What are the biggest barriers that survivors face in Rhode Island?
As in many places around the country, one of Rhode Island’s biggest needs is more affordable housing. In partnership with many agencies across Rhode Island, we work to provide housing at every level – from emergency shelter, to transitional housing, to the housing-first model, to permanent supportive housing. We must make adequate affordable, safe housing a priority in order to help victims and survivors of domestic violence move forward, heal, and rebuild.
“We must make adequate affordable, safe housing a priority in order to help victims and survivors of domestic violence move forward, heal, and rebuild.”
What’s happening in Rhode Island that you’re excited about?
We are very excited about our 2017 public awareness campaign that focuses on men saying “NO MORE” to domestic violence.
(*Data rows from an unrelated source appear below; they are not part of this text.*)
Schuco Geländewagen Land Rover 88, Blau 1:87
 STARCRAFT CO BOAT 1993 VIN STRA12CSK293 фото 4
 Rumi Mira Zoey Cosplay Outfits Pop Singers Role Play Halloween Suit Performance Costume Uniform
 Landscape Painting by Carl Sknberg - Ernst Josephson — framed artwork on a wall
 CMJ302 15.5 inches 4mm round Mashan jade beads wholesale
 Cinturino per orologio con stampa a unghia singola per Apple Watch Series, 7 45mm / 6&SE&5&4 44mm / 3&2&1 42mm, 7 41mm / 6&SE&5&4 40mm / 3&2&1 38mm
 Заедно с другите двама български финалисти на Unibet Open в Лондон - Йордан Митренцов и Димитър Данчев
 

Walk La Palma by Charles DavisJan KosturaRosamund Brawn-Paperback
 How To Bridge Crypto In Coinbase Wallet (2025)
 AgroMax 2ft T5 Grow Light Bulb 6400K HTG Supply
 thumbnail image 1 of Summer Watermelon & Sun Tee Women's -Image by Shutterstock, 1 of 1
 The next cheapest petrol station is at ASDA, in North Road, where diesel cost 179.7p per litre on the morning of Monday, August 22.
Featuring local community leaders from Ten Men, a RICADV statewide prevention initiative, the campaign runs on bus ads, the radio, Pandora, and social media. Working in partnership alongside us to end domestic violence, these men are engaging their communities to shift harmful gender norms that perpetuate men’s violence against women. Click here to see the eight posters from our “NO MORE SILENCE” campaign.
Are there any champions in Rhode Island that you’d like to thank or celebrate for their record or work on domestic violence?
We are grateful to have many people and organizations working alongside the RICADV to prevent and end domestic violence:
- The following corporate sponsors have been generous supporters of our work and have all made a longstanding commitment to our mission: ALEX AND ANI, Alliance Security, The Allstate Foundation, Dave’s Fresh Marketplace, and Verizon Wireless.
- Our bold Congressional delegation has stood up for our work and mission tirelessly during challenging times. Thank you to Senator Reed and Senator Whitehouse, and Representative James Langevin and Representative David Cicilline.
- Here in Rhode Island, there are too many supportive and wonderful state agencies, local city and town leaders to name. We are grateful to them all!
How is your coalition working to end domestic violence?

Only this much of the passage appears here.